5 Ways To Brand Your Small Business

Small Business Branding

According to Entrepreneur, branding is “the marketing practice of creating a name, symbol or design that identifies and differentiates a product from other products.” Branding your small business, which is often touted as one of the most necessary aspects of marketing, can be executed more easily than you might think.

Rather than branding being an extra step that you take in your marketing efforts, the secret to branding is simply about being consistent in how you communicate with customers and potential clients during existing touchpoints, defined in ‘This is Service Design Thinking,’ as, “every contact point between a customer and the service provider.”

Most, if not all, business owners have already developed their company’s brand identity through the careful curation of a corporate voice, a recognizable logo and a memorable tagline. Once you’ve created your brand identity, you should make your brand work for you by leveraging it at every available opportunity:

1) Website. For many businesses, a website is the primary touchpoint, the first contact point with a potential customer. Your website functions on several levels; mostly, viewers visit your site to learn more about your services and/or products and to glean what differentiates your business from your competitors. Leveraging your brand identity, at this point, ensures that potential customers will leave your website with both a clear understanding of your offerings and an enduring impression of your business.

Let your brand permeate your website and leave its mark. Colors, fonts and page design should be consistent with your company’s logo and any branded images that appear on the site. Additionally, the voice of your company, the personality that your company’s brand personifies, should always accompany the content on your page. Whether that’s a professional, straightforward voice or an informal, funny or sarcastic voice (think Groupon), the goal is to integrate the tone of your brand identity into all written content.

2) Social Media. Social media platforms are an extension of your company’s online profile and another major touchpoint with existing and potential customers. While your website functions primarily to inform viewers of your products and/or services, the ‘what we do,’ your social media profiles chiefly communicate your brand, the ‘who we are,’ to followers and friends. Through consistent and determined social media management, you can leverage your brand to generate a true following of customers who will connect with your company on a more personal level.

Consistency in brand marketing is still paramount. The same tone that you evoke on your website should be adopted in every Social Media post, instilling a sense of personality to your business with which your customers can interact.

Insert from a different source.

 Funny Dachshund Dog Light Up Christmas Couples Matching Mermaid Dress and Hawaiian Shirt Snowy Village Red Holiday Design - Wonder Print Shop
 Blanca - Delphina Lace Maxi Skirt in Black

By carefully choosing images, links and reposts of other content, which correspond to your company’s brand, you will increase your brand equity and maximize the efficacy of your social media campaigns.

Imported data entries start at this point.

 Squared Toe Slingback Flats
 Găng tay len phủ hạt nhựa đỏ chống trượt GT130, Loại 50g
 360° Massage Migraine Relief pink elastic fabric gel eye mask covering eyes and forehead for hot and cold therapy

3) On Site Location. While brand marketing can tremendously increase your company’s online performance, integrating your brand identity on site can further enhance customer relationships with your business. Many times, companies start their brand marketing efforts onsite and define their brand identity (voice, logo, tagline etc.) based on how they are already interacting with customers. On site brand marketing, whether it’s at your storefront, restaurant, office or warehouse, is, perhaps, the most important touchpoint, as it is usually the setting where your company is actively serving your customers.

Ways to make your brand work for you on site include the same efforts that you employ during online brand marketing. The key to effective brand marketing, in any industry, is consistency. Maintaining consistent designs, logos, colors and voice across every touchpoint increases the level of brand recognition that your customers experience with your company. Be sure to integrate those elements into the layout and design of your space and into the way that you engage with customers.

4) Sales Collateral. A basic principle of branding is to employ it everywhere. This includes within all the sales materials that your company may create, such as menus, coupons/ads, and newsletters. While these items are meant to educate potential customers, they can also work to communicate your brand identity by including your company’s brand elements into the content. This will increase both the impact of the content and the brand recognition for your target audience.

5) Events. Events serve as a unique way to interact with potential customers in a new medium, such as at a webinar, expo or trade show. You should interact with attendees with the same voice, tone and company personality that you promote online and on site. By applying the elements of your company’s brand identity (such as design, logos, taglines and voice), you’ll promote a memorable experience that your audience will recall long after the event ends.

Embrace these five touchpoints, answering the important questions about your business—what you do, who you are, how you do it and where you do it, and branding will be an everyday and commonplace occurrence. Being aware and consistent with your branding through each consumer interaction will allow you to strengthen your relationship with potential and current customers, one contact or touchpoint, at a time!